Kaskade, Sean Combs, Cazwell, Nicole Scherzinger of PCD, LOGO Channel, Jacob and Joshua

by Doug Rule
Published on September 14, 2006, 12:00am | Comments

KASKADE'S NEW ULTRA OUTLOOK... It's a herky-jerky hip-hop-inflected pop track, and it would delight any admirer of Justin Timberlake, both the closet case and the openly fanatical. ''Don't be shy, girl,'' the singer cries in the song, fluttering his notes to best draw your attention to his plea.

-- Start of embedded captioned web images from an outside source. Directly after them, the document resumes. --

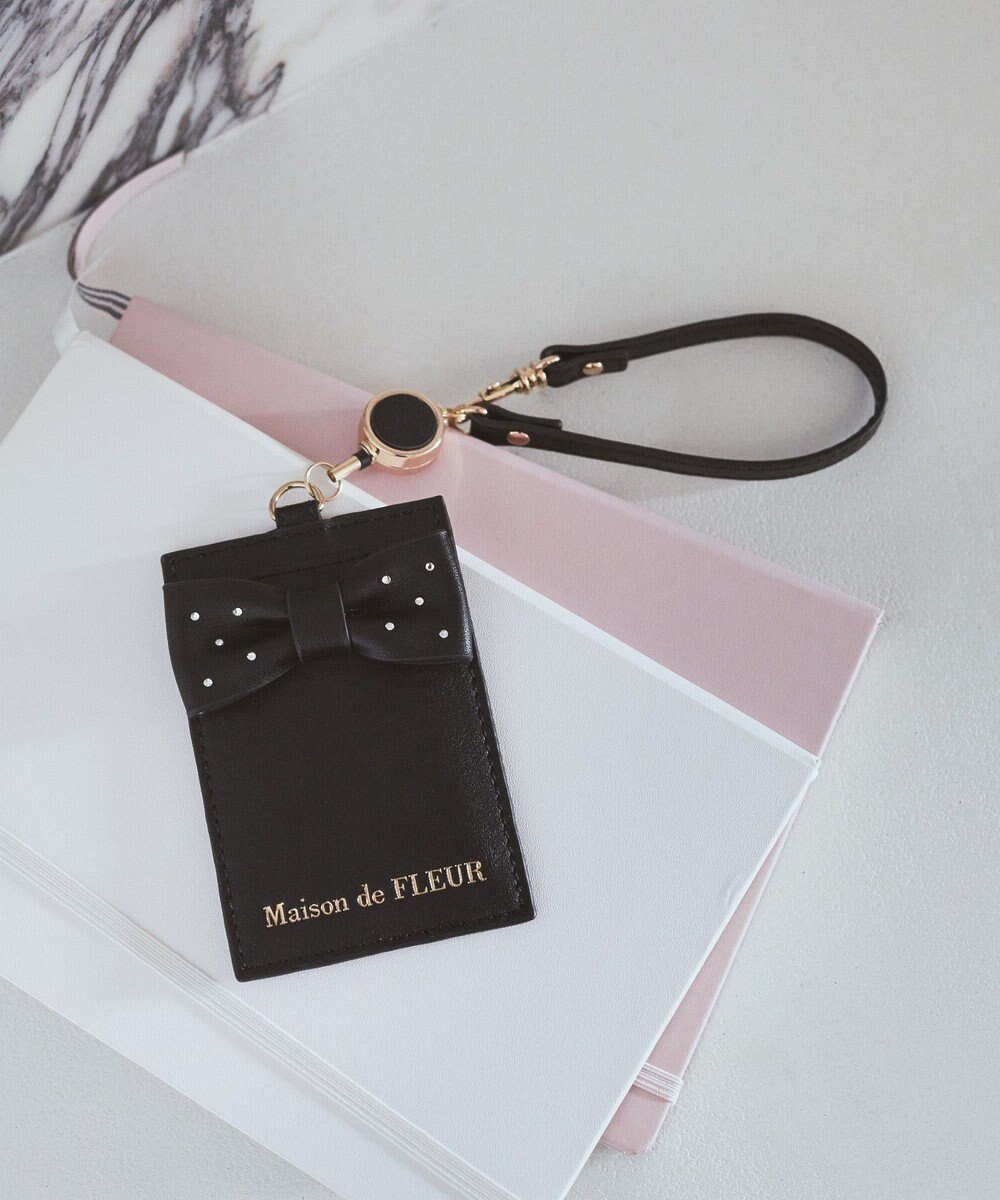 Maison de FLEUR クリアストーンリボンリールパスケース 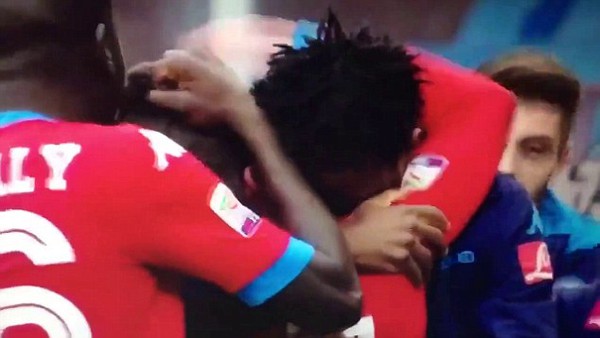 Cầu thủ Napoli ghi bàn dành tặng cho mẹ đồng đội mới mất - Ảnh 5.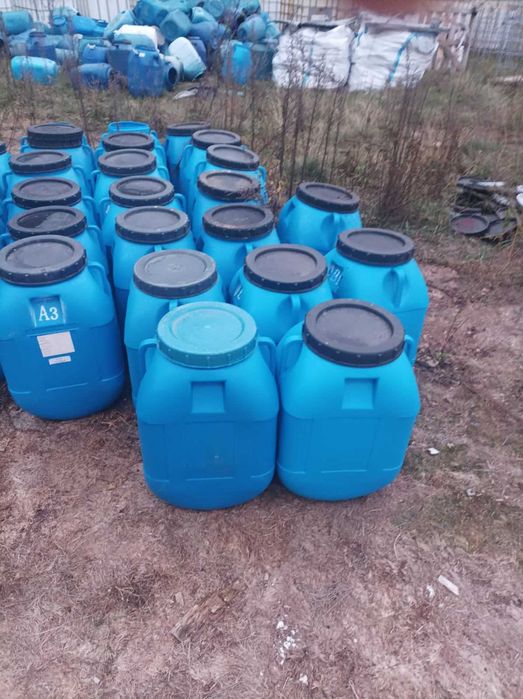 Sprzedaż-Beczek plastikowych po spozywce-60 litrow -cena-50zl za szt.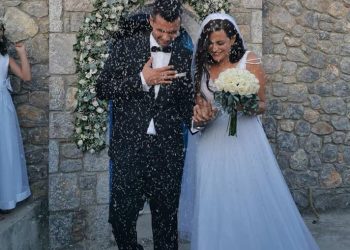 Σε έναν ονειρικό γάμο με αύρα θαλασσινή ένωσαν τις ζωές τους ο Βαγγέλης Παπαζήσης και η Ιφιγένεια Μπαμπούρη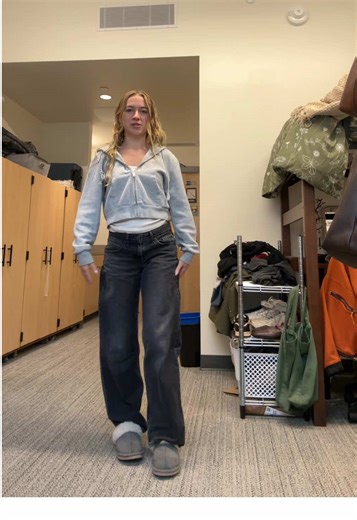 I'm literally in love these are the perfect jeans (Levi's Low Loose) #levis #denim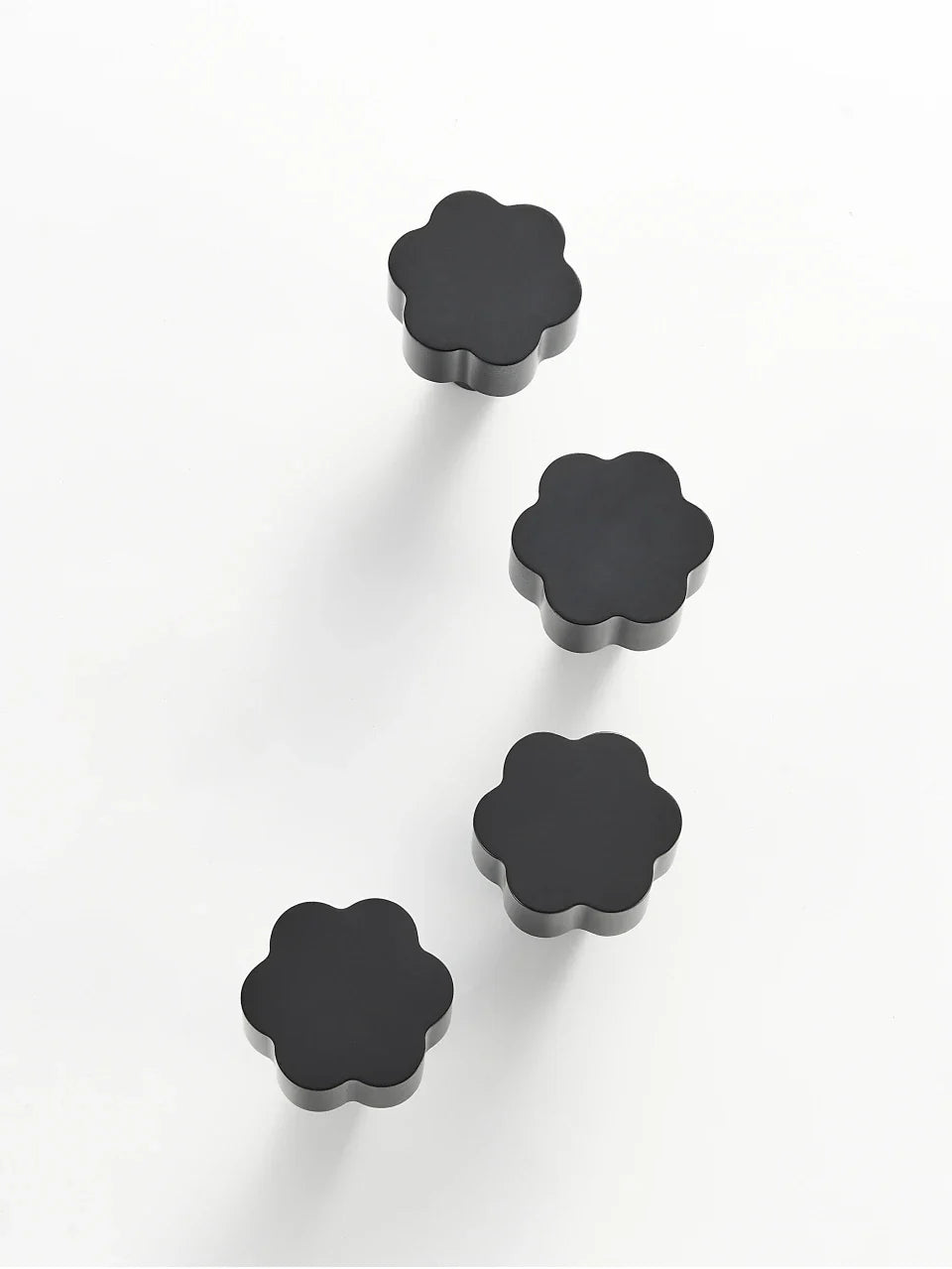 Flower Cabinet Knob – Elegant Hexapetal Design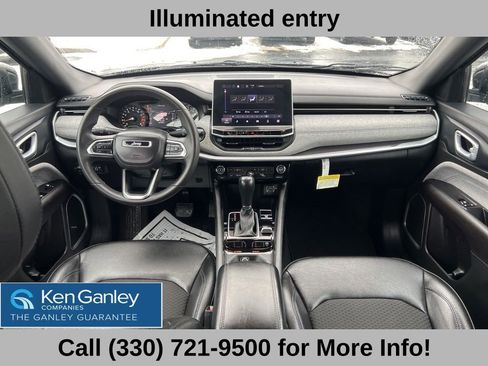 Used 2023 Jeep Compass Latitude image 43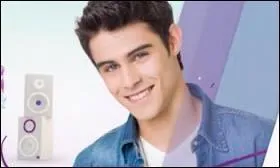 Qu'annonce Toms  Violetta avant de monter sur scne pour le spectacle de fin d'anne ?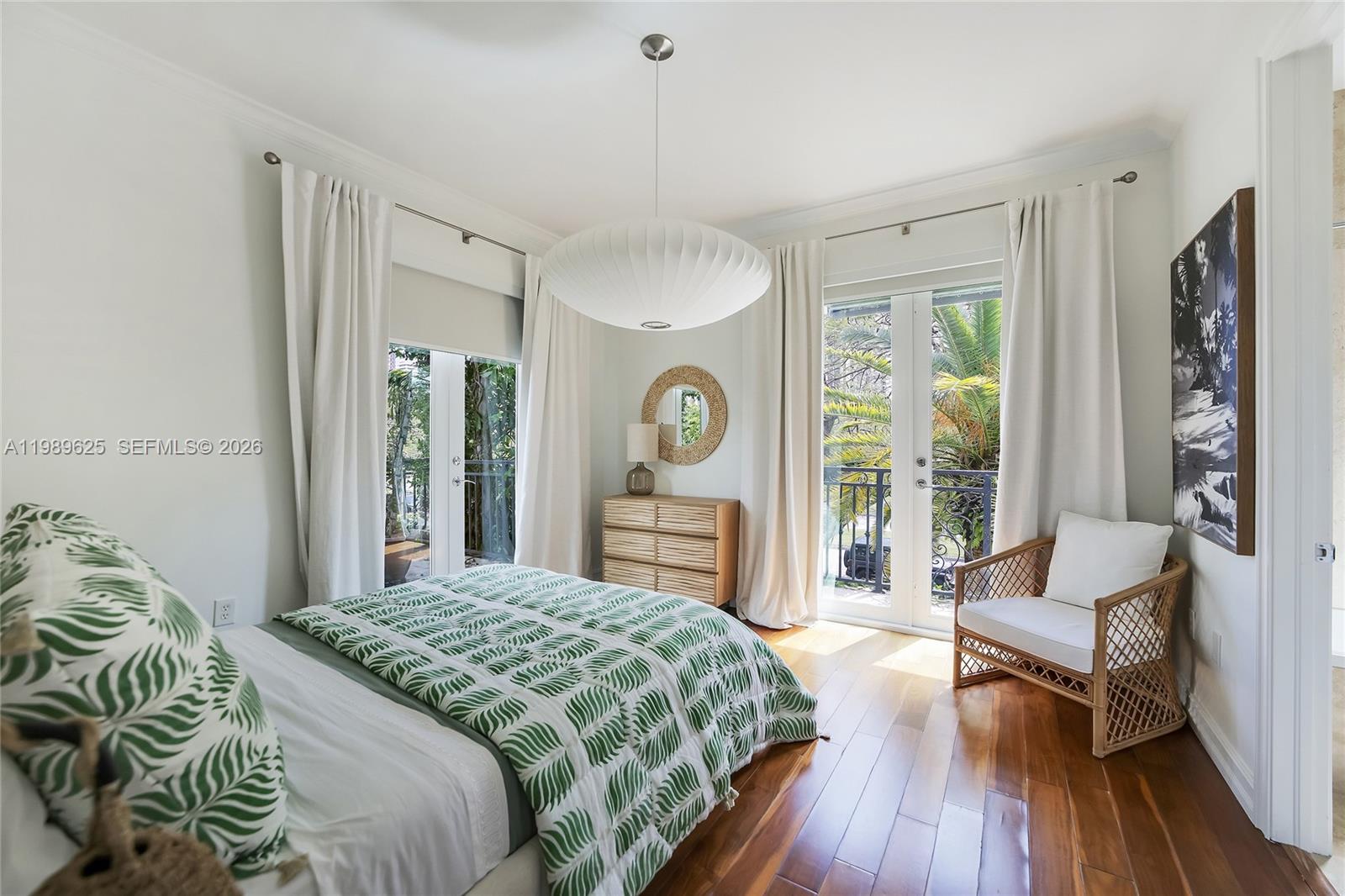 BRICKELLS FLAGLER - Residential Lease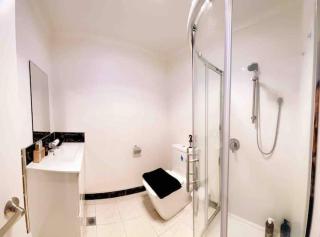 Waikato Uni guest room with private bathroom - Hamilton - 3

But as much as it sounds like classic Justin, Timberlake had nothing to do with ''Move,'' which was instead a production of Ryan Raddon, who works as Kaskade. A leading house purveyor, Kaskade is about to significantly step-up his level of recognition within the larger dance community, and perhaps beyond. He's just signed with the genre's leading label, Ultra Records. An occasional DJ at gay-popular clubs and events, particularly in his San Francisco hometown and in Montreal, Kaskade will stop at D.C.'s Club Five Saturday, Oct. 14. The gig is part of an extensive fall DJ tour to promote his third artist album, Love Mysterious, which Ultra will release on Sept. 26. It's a more rock-oriented set of dance than the sweet and ''stylish house'' sound for which he became known during a half-decade stint at boutique label Om Records. More New Order or Deep Dish than M People or Masters at Work, you might say.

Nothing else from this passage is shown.